# Bivariate Analysis

In this notebook, we will perform bivariate analysis to explore the relationships between the target variable (stress level) and other features in the dataset. We will create visualizations to help understand these relationships.

In [1]:
import pandas as pd
import seaborn as sns
import matplotlib.pyplot as plt

# Load the cleaned dataset
data = pd.read_csv('../data/processed/sleep_cleaned.csv')

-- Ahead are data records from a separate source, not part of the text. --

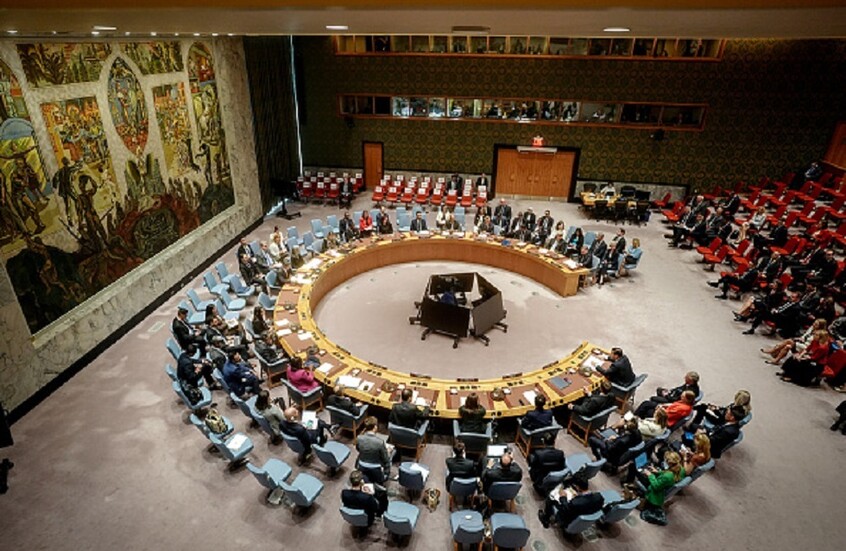 مجلس الأمن الدولي يبحث قرارا بشأن الرئيس السوري أحمد الشرع وأحد وزرائه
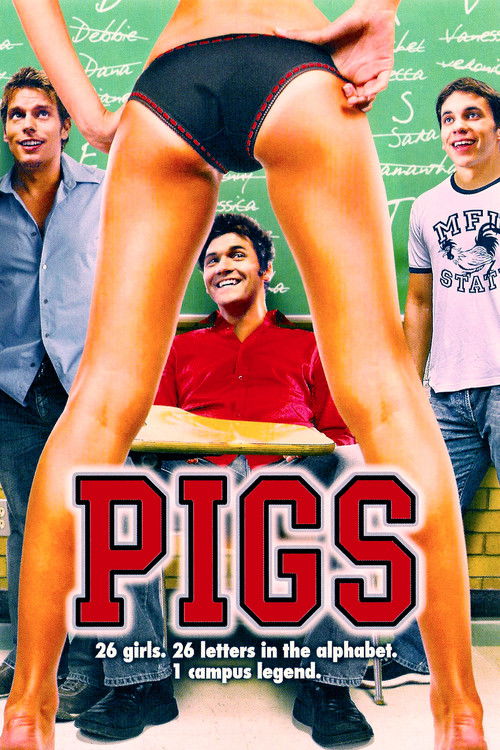 Movie poster for Pigs (2007)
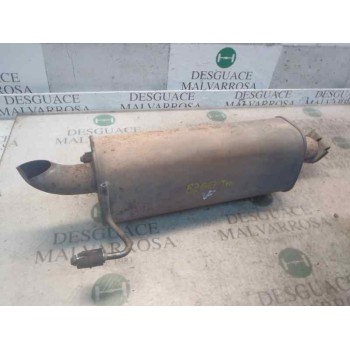 SILENCIADOR TRASERO 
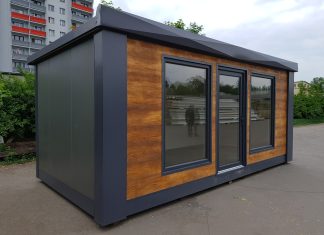 Мобильный торговый павильон: удобство на ходу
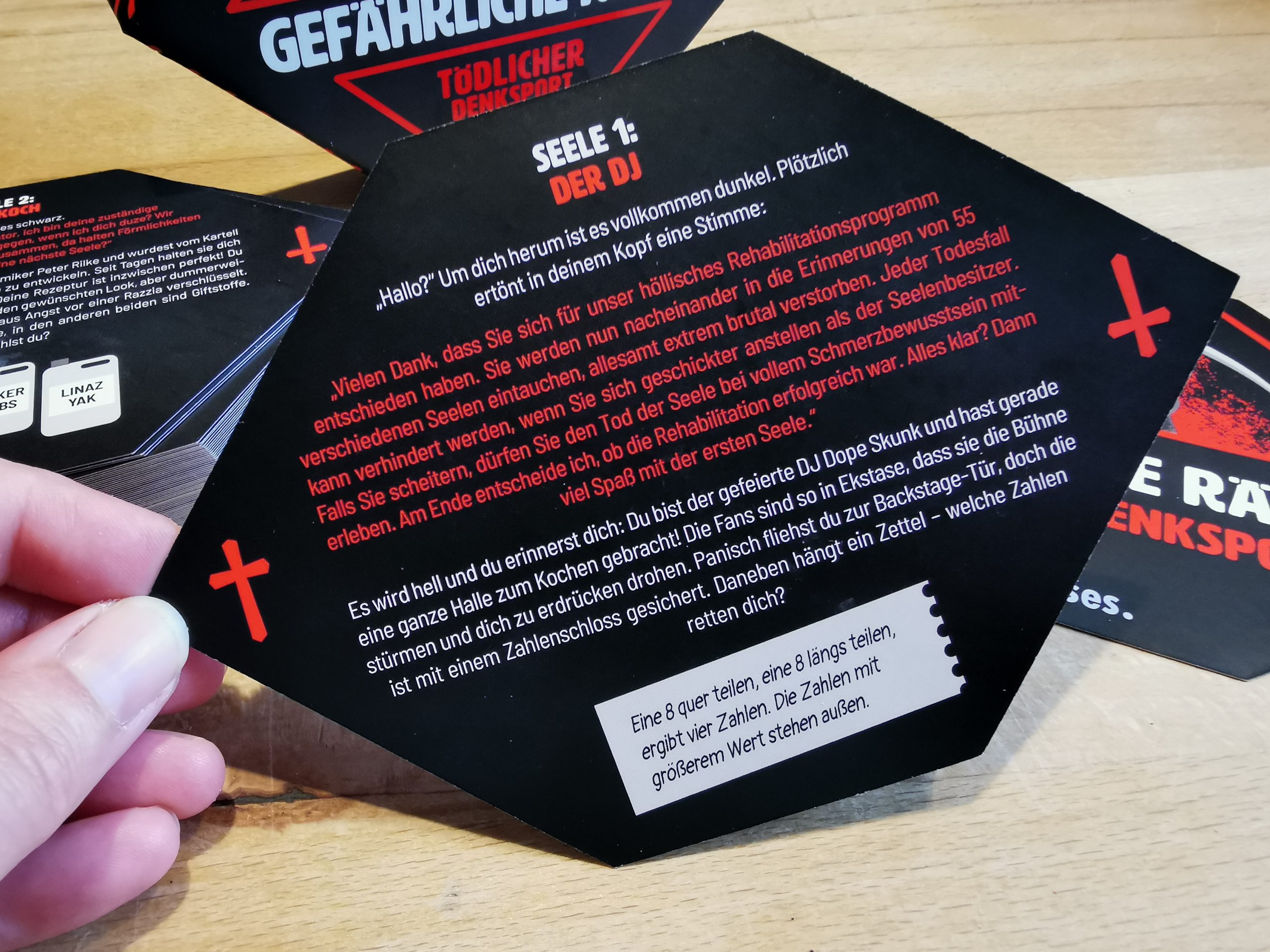 Gefährliche Rätsel | Tödlicher Denksport Rätsel Nummer 1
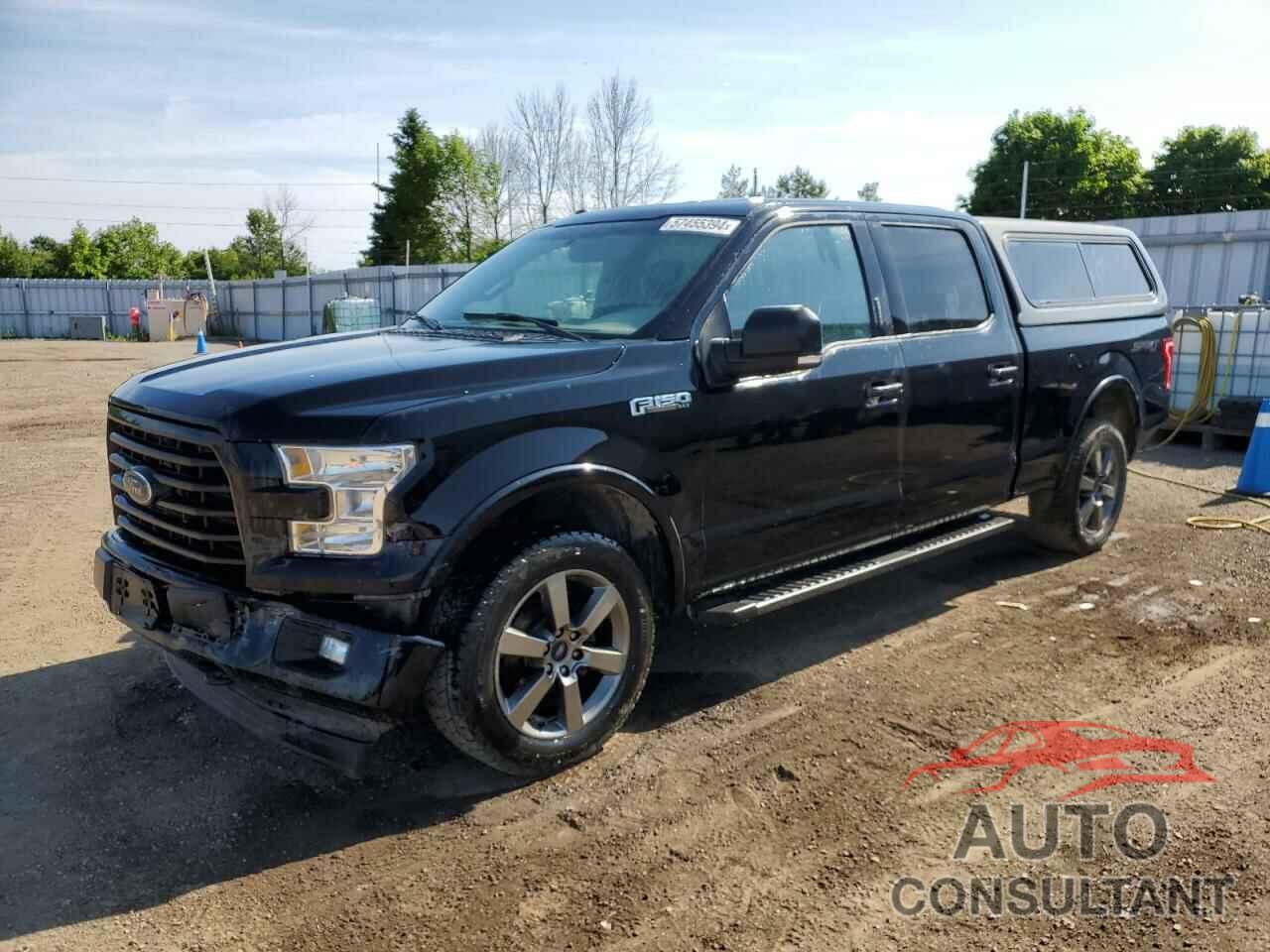 FORD F-150 2017 - 1FTFW1EF5HFC63962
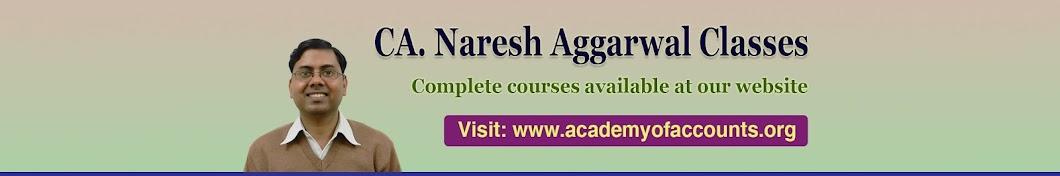 CA. Naresh Aggarwal Avatar channel YouTube 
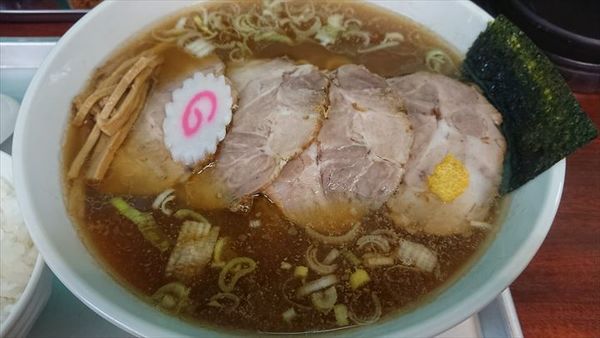 「チャーシュー中華麺」@稲城大勝軒 五一の写真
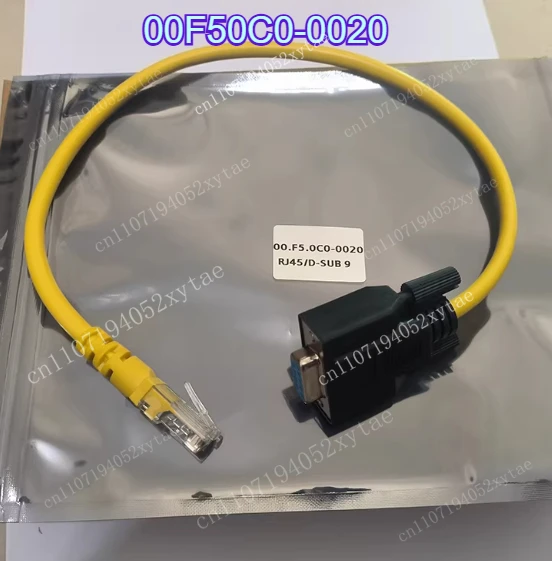 Protocol Data Cable Parts DB9 to RJ45 Connector 00F50C0-0020 Suitable for KEB HSP5 Inverter
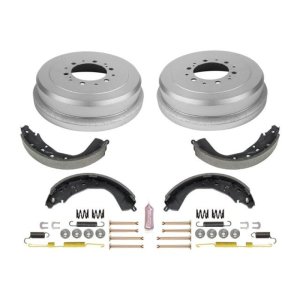 Toyota Tundra Drum Brake Kit - Rear - PowerStop - Autospecialty Drum Kit - `03-`06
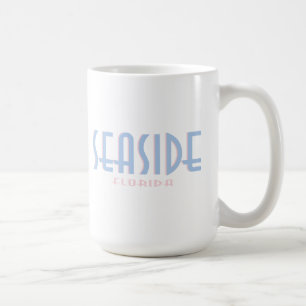 SjösidaFlorida Deco pastellfärgad design Kaffemugg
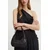 Torbica Steve Madden Bkaya črna barva, SM13000999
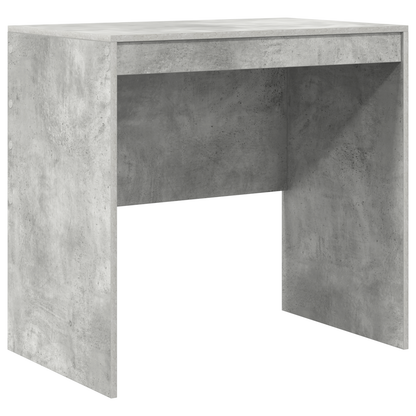 vidaXL Bureaux avec tiroirs 2 pcs Gris béton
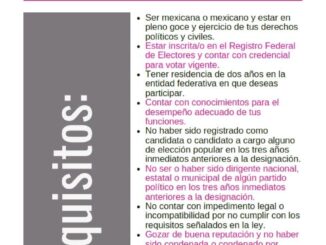 Invita INE Aguascalientes a la ciudadanía a integrar los Consejos Distritales durante los Procesos Electorales 2023-2024 y 2026- 2027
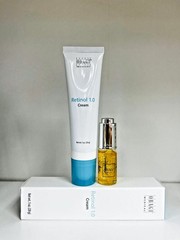 OBAGI Retinol 1.0 Cream (1 oz.) & Daily Hydro Drops Facial Serum (0.17 oz) SET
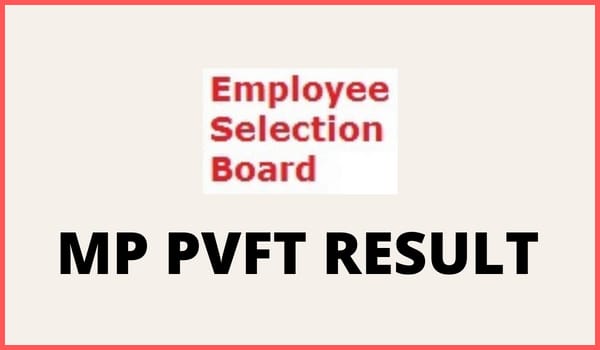 MP PVFT Result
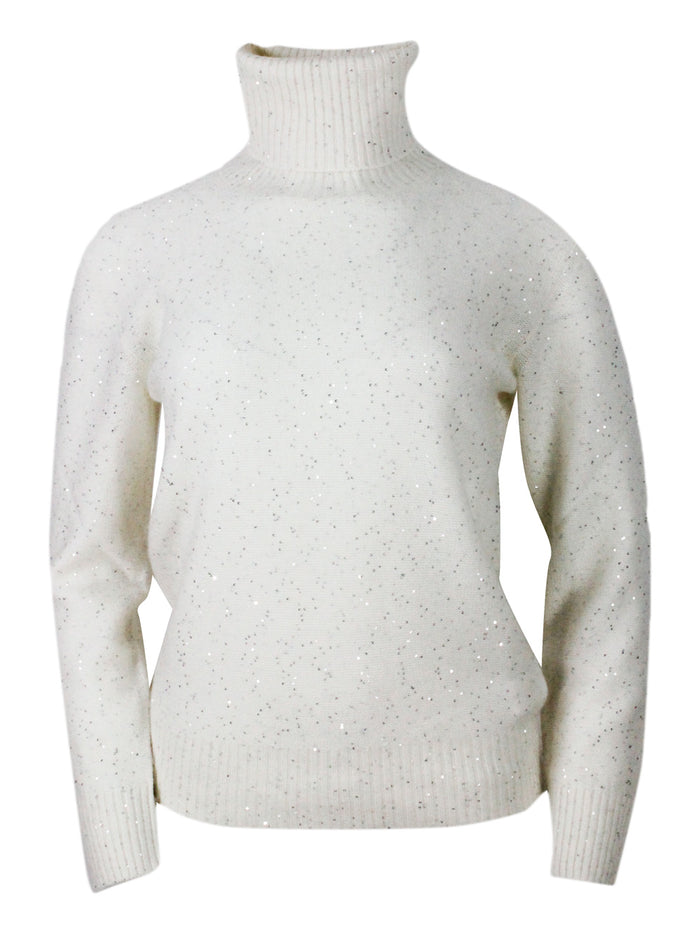 Fabiana Filippi Sweaters Cream 48wv 20se 17ws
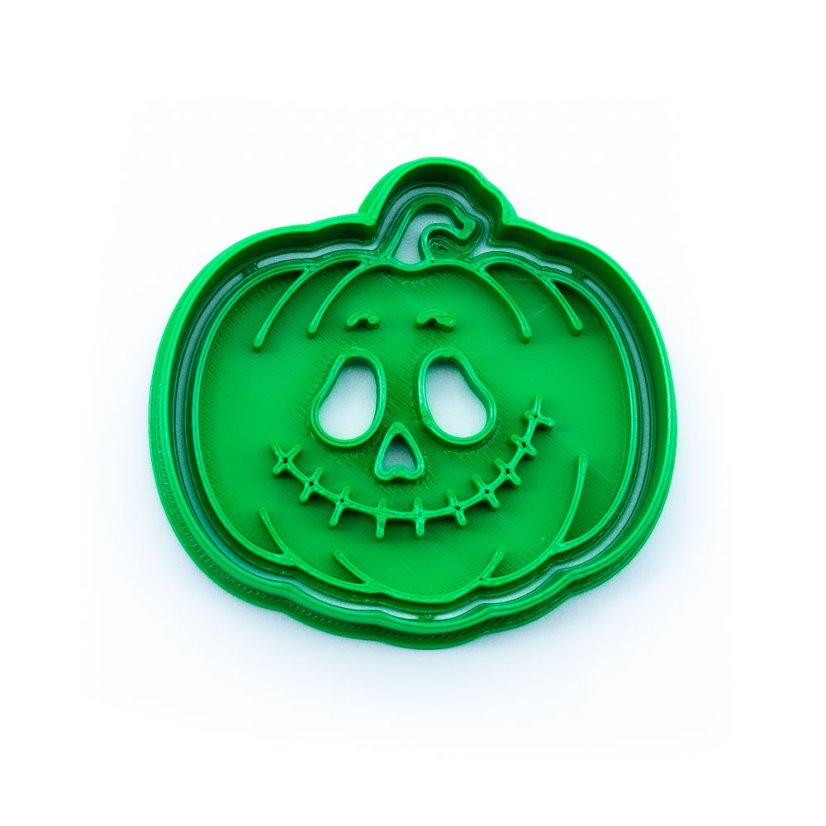 Dýně 8 | dvoudílné vykrajovátko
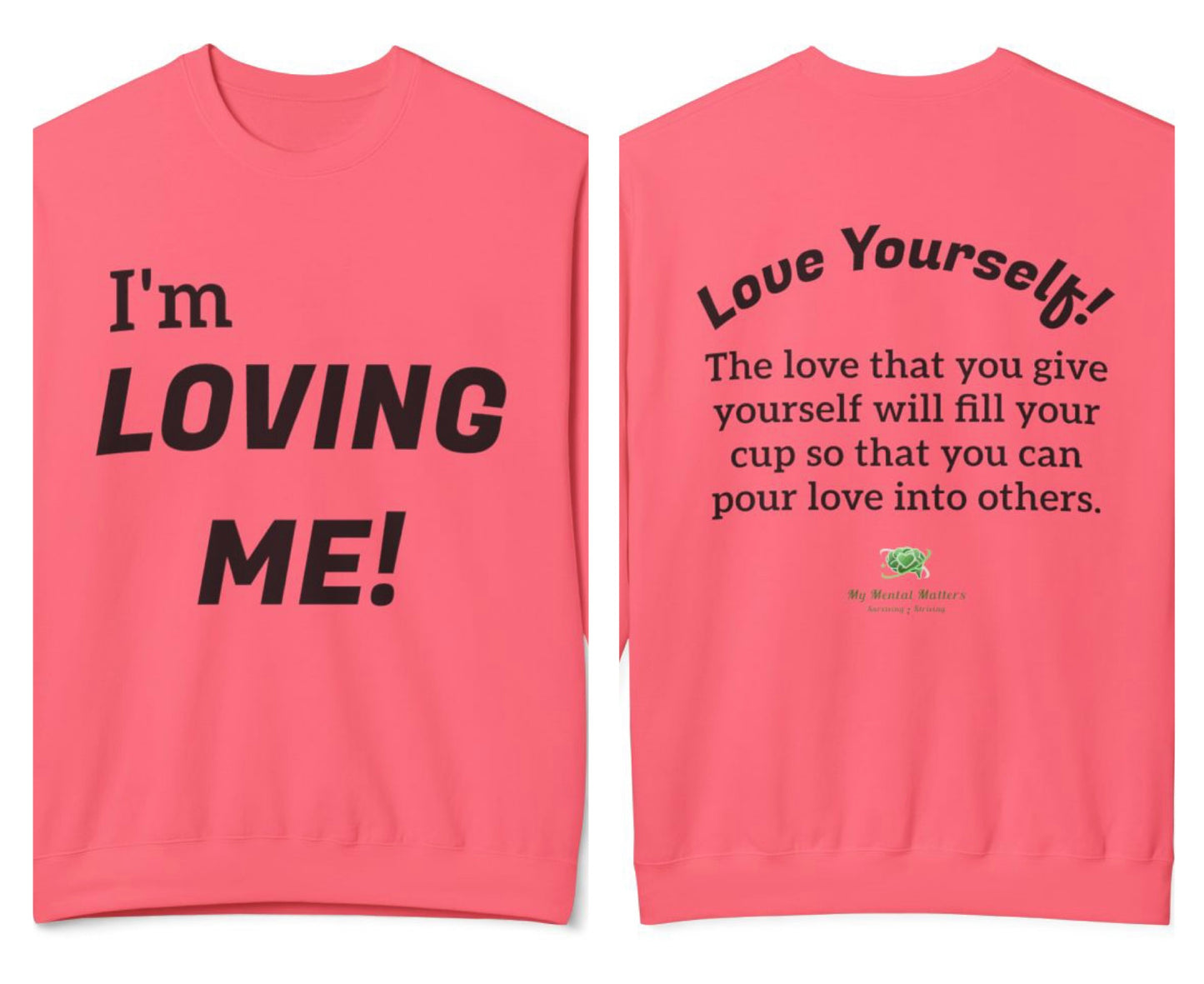 "I'm Loving Me!"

# Display the first few rows of the dataset
data.head()

## Relationship between Stress Level and Other Features
We will visualize the relationship between the target variable (stress level) and other features in the dataset.

In [2]:
# Create a function to plot bivariate relationships
def plot_bivariate_relationships(data, target_variable):
    features = data.columns.drop(target_variable)
    for feature in features:
        plt.figure(figsize=(10, 6))
        sns.boxplot(x=target_variable, y=feature, data=data)
        plt.title(f'Relationship between {target_variable} and {feature}')
        plt.xlabel(target_variable)
        plt.ylabel(feature)
        plt.show()

# Plot bivariate relationships
plot_bivariate_relationships(data, 'stress_level')

## Observations
After visualizing the relationships, we can make the following observations:
- The distribution of sleep duration appears to vary significantly with stress levels, indicating that less sleep may correlate with higher stress.
- Other lifestyle factors such as exercise frequency and caffeine consumption also show notable differences across stress levels.

These insights can guide further analysis and model development.